Конечно, она поняла, что речь идет о женитьбе! И кто меня за язык тянул тогда, с этим «ремонт, поход» и все такое…
— Так это когда еще будет… — вздох сам собой вырвался из моей груди.
— Так в мае! Всего каких-то пара месяцев! — она потянулась ко мне губами, я — потянулся в ответ, и некоторое время мы целовались прямо в коридорчике, ничуть не переживая, что из-за полуоткрытой двери за нами могут подсматривать два гнома.
Кхазады в этом плане народ простой. «Что естественно, то не сверхъестественно» — так говорила мадам Шифериха…
* * *
У самой машины нас догнал Иеремия Михайлович.
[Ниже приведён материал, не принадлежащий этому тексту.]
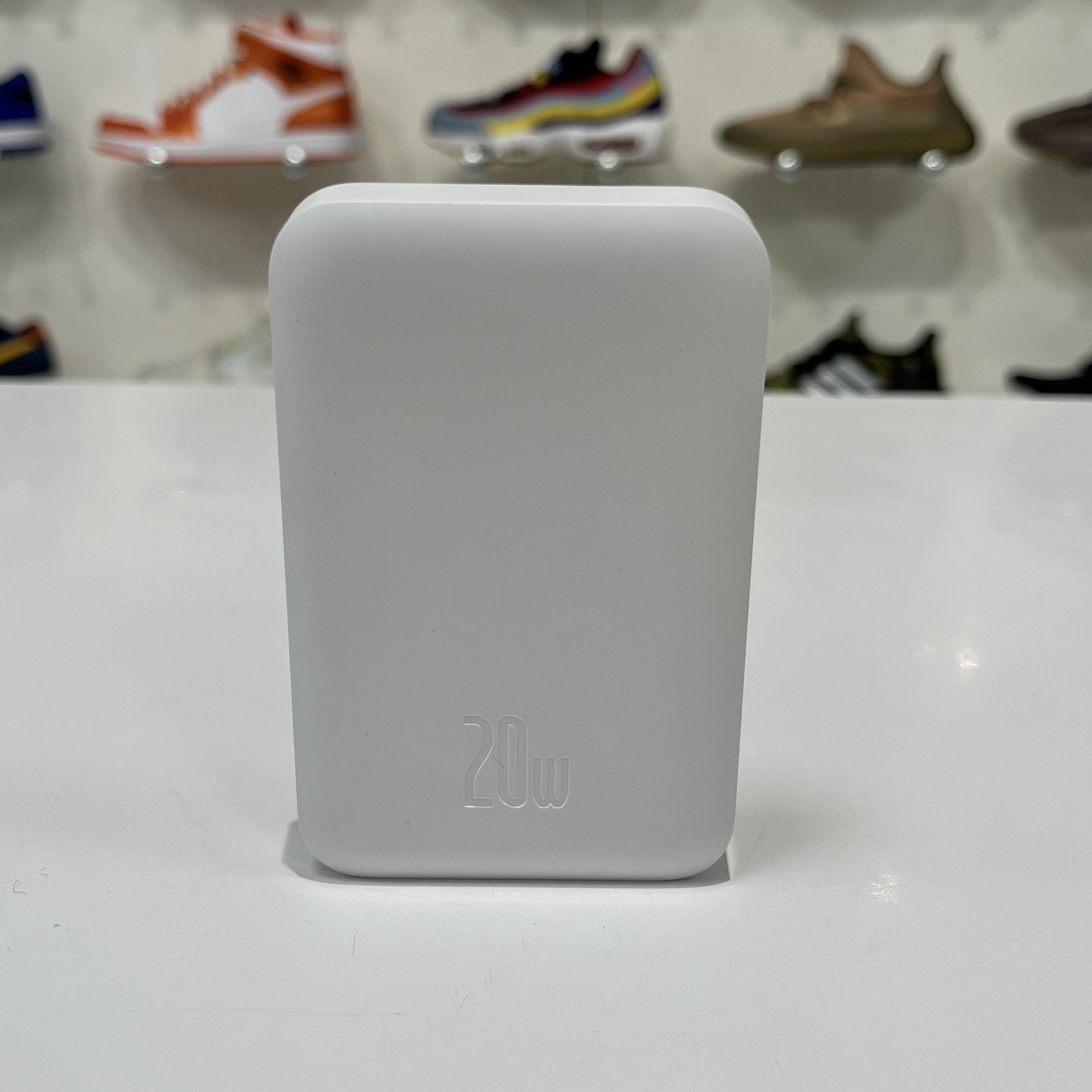 Other Baseus MagSafe Powerbank White Size ONE SIZE - 3 Thumbnail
Вид он имел весьма солидный: приоделся в теплый кафтан с меховой опушкой и золотыми узорами, волосы свои седые расчесал, даже застегнулся на все пуговицы. И сапоги у него были что надо — с золотыми пряжками! И где только отрыл? Или это Гражина Игоревна с собой мужнин парадный гардероб привезла? В любом случае — я таким собранным его ни разу за время нашего знакомства не видел!